What this task involves: Each line in the records below, from the one that contains "thumbnail image 3" to the one that contains "Honda Civic 1.8L 4 2008", should be reproduced exactly, the first and last included.

Material for this task:
★ ★ ★ ★
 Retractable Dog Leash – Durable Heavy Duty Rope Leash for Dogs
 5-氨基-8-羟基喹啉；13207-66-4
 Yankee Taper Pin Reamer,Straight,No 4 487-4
★ ★ ★ ★
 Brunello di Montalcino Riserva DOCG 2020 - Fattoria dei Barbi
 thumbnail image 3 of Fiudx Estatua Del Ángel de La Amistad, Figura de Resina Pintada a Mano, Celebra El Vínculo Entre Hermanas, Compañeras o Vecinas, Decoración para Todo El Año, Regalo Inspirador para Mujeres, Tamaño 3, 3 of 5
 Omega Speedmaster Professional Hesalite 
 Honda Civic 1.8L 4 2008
★ ★ ★ ★
Solution to the exercise:
 thumbnail image 3 of Fiudx Estatua Del Ángel de La Amistad, Figura de Resina Pintada a Mano, Celebra El Vínculo Entre Hermanas, Compañeras o Vecinas, Decoración para Todo El Año, Regalo Inspirador para Mujeres, Tamaño 3, 3 of 5
 Omega Speedmaster Professional Hesalite 
 Honda Civic 1.8L 4 2008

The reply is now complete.